Referring to FIG. 3, the PUSCH mode field being “10” indicates that the first two PUSCH transmissions (i.e., PUSCH transmission #1 and PUSCH transmission #2) are based on the SRS resource(s) in the first SRS resource set, which is followed by two PUSCH transmissions (i.e., PUSCH transmission #3 and PUSCH transmission #4) based on the SRS resource(s) in the second SRS resource set. Such kind of sequence will be repeated until the 8 PUSCH transmissions are reached.

The PUSCH mode field being “11” indicates that the first two PUSCH transmissions (i.e., PUSCH transmission #1 and PUSCH transmission #2) are based on the SRS resource(s) in the second SRS resource set, which is followed by two PUSCH transmissions (i.e., PUSCH transmission #3 and PUSCH transmission #4) based on the SRS resource(s) in the first SRS resource set. Such kind of sequence will be repeated until the 8 PUSCH transmissions are reached.

Considering both S-TRP and M-TRP based PUSCH transmissions in Table 3, the first SRI field may be associated with either the first SRS resource set or the second SRS resource set, which depends on the PUSCH mode field. However, the second SRI field may either unused or always be associated with the second SRS resource set, which depends on the PUSCH mode field. Given this, the BS and the UE may determine the first bit width of the first SRI field based on a maximum number of SRS resource(s) configured in the first SRS resource set and the second SRS resource set, N_m,SRS, and determine the second bit width of the second SRI field based on a number of SRS resource(s) in the second SRS resource set, N_2,SRS. Compared with the method in which both the first bit width and the second bit width are determined based on N_m,SRS, this method may save some overhead in DCI when the second SRS resource set contains fewer SRS resources than the first SRS resource set.

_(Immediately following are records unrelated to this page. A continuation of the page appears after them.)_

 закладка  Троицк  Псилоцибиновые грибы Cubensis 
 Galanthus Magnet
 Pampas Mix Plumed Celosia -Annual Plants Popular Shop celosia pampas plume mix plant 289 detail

In some embodiments of the present application, the PUSCH transmission may be a CB based PUSCH transmission. In such embodiments, the first bit width is determined by ┌log₂(N_m,SRS)┐ and the second bit width is determined by ┌log₂(N_2,SRS)┐.

For example, it is assumed that a DCI format 0_1 schedules a CB based PUSCH transmission towards TRP #1 and TRP #2. Two SRS resource sets are configured for a UE for the CB based PUSCH transmission, and the first SRS resource set contains four SRS resources for PUSCH transmission towards TRP #1 and the second SRS resource set contains two SRS resources for PUSCH transmission towards TRP #2. Then the first bit width of the first SRI field is ┌log₂(N_m,SRS)┐=┌log 2(4)┐=2 bits, and the second bit width of the second SRI field is ┌log₂(N_2,SRS)┐=┌log 2(2)┐=1 bit.

When the PUSCH mode field is “00”, the first SRI field may be 2 bits to indicate the SRS resource(s) in the first SRS resource set used for the PUSCH transmission to TRP #1. Although the second SRI field is not used in this case, it is also 1 bit. Since there are four SRS resources in the first SRS resource set, the four states of the first SRI field (e.g., the first SRI field being “00,” “01”, “10”, and “11”) are used for indicating the four SRS resources, respectively.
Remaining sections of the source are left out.